低分子の有機化合物「クロコン酸」が室温で強誘電性示すことを発見:産業技術総合研究所/東京大学/科学技術振興機構

 (独)産業技術総合研究所は2月8日、東京大学、(独)科学技術振興機構と共同で、低分子の「クロコン酸」が有機化合物としては最高の分極性能をもつ室温強誘電体であることを発見したと発表した。
 強誘電性とは、物質の電気分極(電場に置かれた物質に正負の電荷が生じる現象)が、外からの電圧の向きに応じて反転すると共に、電圧が0になっても分極が保たれるという性質。強誘電性を持つ物質(強誘電体)は、メモリーや光学素子など多彩な電子機能、光機能の基礎となる重要な材料として幅広い用途を持っている。
 有機化合物は、レアメタル(希少金属)や有毒な鉛などを含まないことから、強誘電体の高性能化を図る材料として期待されている。しかし、知られている有機強誘電体は極めて少なく、特に低分子系では分極性能などが低く、材料としての開発は遅れていた。
 同研究所では、超分子と呼ばれる酸―塩基の分子化合物を形成する手法を考案(2005年1月発表)し、室温付近で優れた分極特性などをもつ有機強誘電体の開発に取り組んできた。
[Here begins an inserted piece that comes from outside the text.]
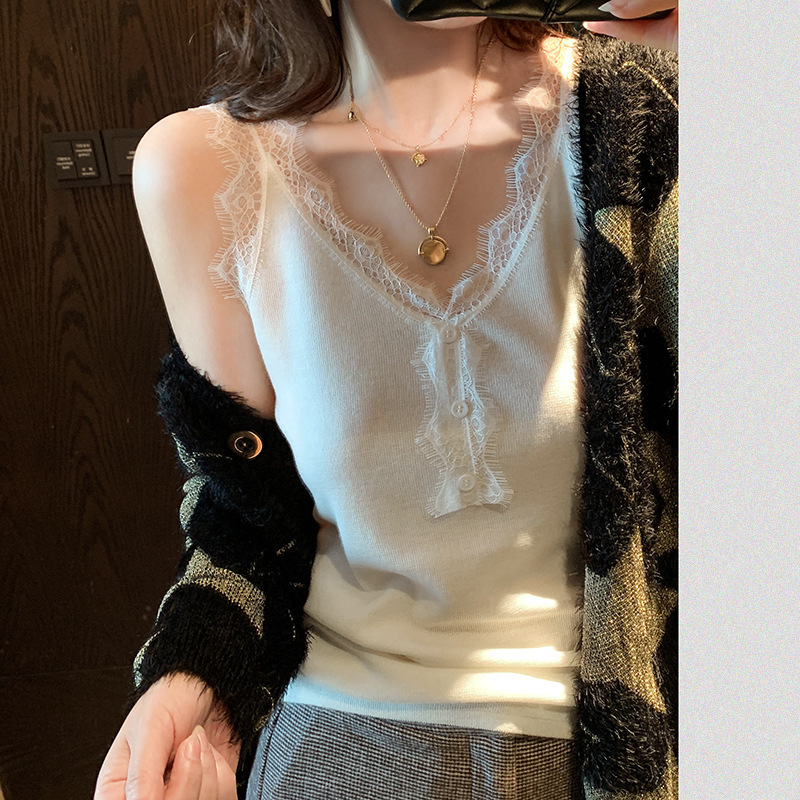 大码蕾丝针织纯色吊带背心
超分子とは、多数の分子が大きな集合体を形成することで、個々の分子だけでは発揮されない機能を発現できるという分子の集合体のこと。
 研究グループは、以前から知られていた低分子有機化合物クロコン酸に注目した。クロコン酸は、炭素、水素、酸素だけからなり、近年はクロコニウム染料の合成原料に使われている。
 今回、研究グループは、クロコン酸の良質で大型の結晶試料を育成し、強誘導性などを実測した。その結果、これまでの有機強誘電体の最高値を大きく上回るだけでなく、代表的な強誘電性材料であるチタン酸バリウムの値に迫ることが分かった。しかも、分極の反転に必要な電場は、典型的な強誘電性の有機高分子に比べて小さく、室温で安定な強誘電性を発揮した。
 古くから知られていた有機化合物が、優れた強誘電性を持つという今回の発見は、新規、既知とを問わず、その他の有機化合物も無機材料並みの強誘電性を持つ可能性があることを示した。有機材料の開発は、無機材料に比べて遅れていたが、今後その開発を促すことになる成果といえる。
 この研究成果は、英国の科学雑誌「Nature」の2月11日号に掲載された。